In a further embodiment, the continuous metal support may include at regular intervals along its length regions of blank metal which extend across the strip in a transverse direction (in addition to any cross bars). In that embodiment, in the cutting step the or each tab portion is optionally cut from one of those transversely extending blank regions. The tab portion or portions may thus be formed at any desired point across the width of the strip of electrode material and the transversely extending regions of blank metal provide added strength and stiffness. The strip of electrode material is optionally provided with indexing marks to allow alignment of the cutting operation with the transverse regions of blank metal thereby ensuring that the tab portions are within those transversely extending blank regions of the metal support.
The electrode portion optionally has one tab portion. The electrode portion optionally has two or more tab portions. Preferably, the electrode portion comprises two tab portions. The two tab portions may extend from the same edge of the body portion. Preferably, however, the two tab portions extend from different, opposing edges of the body portion.
Where the electrode portion has two or more tab portions, one of those tab portions may be present for process reasons only and be removed prior to assembly of the cell. Such tabs are referred to as “false lugs”.
The electrode portions may be cut from a strip of electrode material with any suitable cutter. For example, a rotating cutting die.
The continuous metal support may be of any suitable material. Preferably, the continuous metal support is of lead or a lead alloy.
The process may include, prior to the cutting step, the steps of pasting the active material onto the continuous metal support and, optionally, applying an outer covering, for example, a paper material to the outer surfaces of the material. Where an outer covering is used it will typically be applied to both faces of the strip in order to prevent the electrode portions cut from the strip from sticking together during subsequent processing steps. Optionally the outer covering is paper.
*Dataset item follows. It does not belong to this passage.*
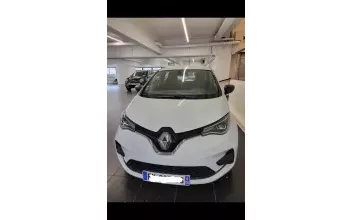 Renault ZOE Nice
Optionally the process also includes, after the cutting step, one or more finishing steps, for example, the active material may be cured in an oven and then dried at a higher temperature. Preferably, the plates are cured for between 12 and 48 hours. The curing will generally involve elevated temperatures and humidity. Preferably, after curing the plates are dried for between 12 and 36 hours. The drying will generally be carried out at an elevated temperature. Moreover, the tab portion may be stripped of active material and/or subjected to further shaping steps or a milling step to grind it down to a desired thickness.
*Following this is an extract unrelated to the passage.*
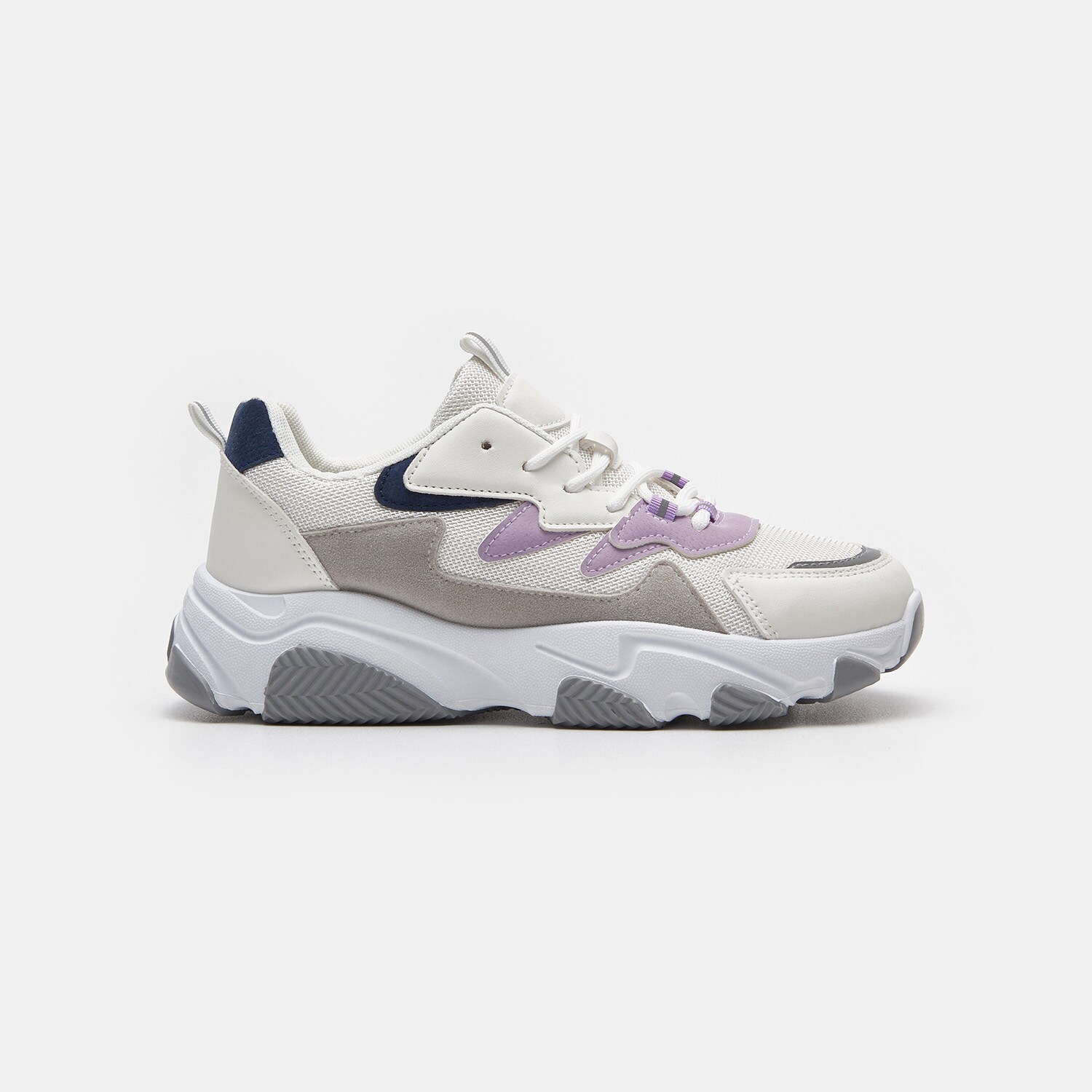 Vysoké členkové tenisky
The electrodes may then be assembled into a battery by conventional methods.
In a further aspect, the invention provides a process of making an electrode for a lead-acid battery comprising the steps of:

- a) preparing a continuous metal support by continuous casting or by perforating a strip of metal;
- b) pasting an active material onto the continuous metal support, and optionally applying an outer covering to the external surfaces of the active material, to form a strip of electrode material;
- c) passing the strip of electrode material through a cutter and cutting electrode portions from the strip, each electrode portion comprising a generally rectangular body portion and at least one tab portion, the length of the body portion in a longitudinal direction with respect to the strip being greater than the width of the body portion in a direction transverse to the length of the strip and the at least one tab portion extending from a shorter side of the body portion in a longitudinal direction with respect to the length of the strip;
- d) curing and drying the active material; and
- e) optionally removing any active material from the tab portion.
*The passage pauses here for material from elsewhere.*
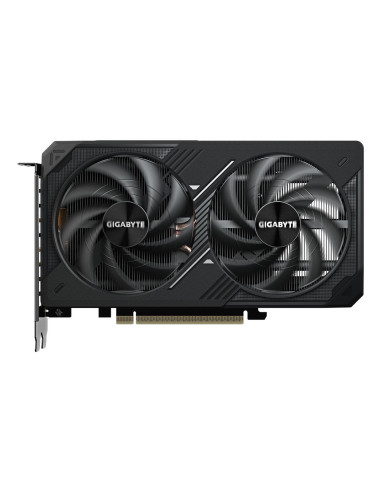 Graphics Card, GIGABYTE, NVIDIA, GeForce RTX 5060 Ti, 2587 MHz, 16 GB, GDDR7, 128 bit, PCI Express 5.0, Active, N506TWF2MAXOC-1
In a yet further aspect, the invention provides a process for making a battery comprising the steps of:

- a) providing a continuous metal support in the form of a metal strip having a selvedge rail at each longitudinal edge, the selvedge rails being connected at regular intervals along the length of the strip by transversely extending cross bars and the selvedge rails and the cross bars together defining between them regions of metal grid;
- b) pasting an active material onto the continuous metal support, and optionally applying an outer covering to the external surfaces of the active material, to form a strip of electrode material;
- c) passing the strip of electrode material through a cutter and cutting electrode portions from the strip, each electrode portion comprising a generally rectangular body portion and at least one tab portion, the length of the body portion in a longitudinal direction with respect to the strip being greater than the width of the body portion in a direction transverse to the length of the strip and the at least one tab portion extending from a shorter side of the body portion in a longitudinal direction with respect to the length of the strip;
- d) curing and drying the active material; and
- e) optionally removing any active material from the tab portion.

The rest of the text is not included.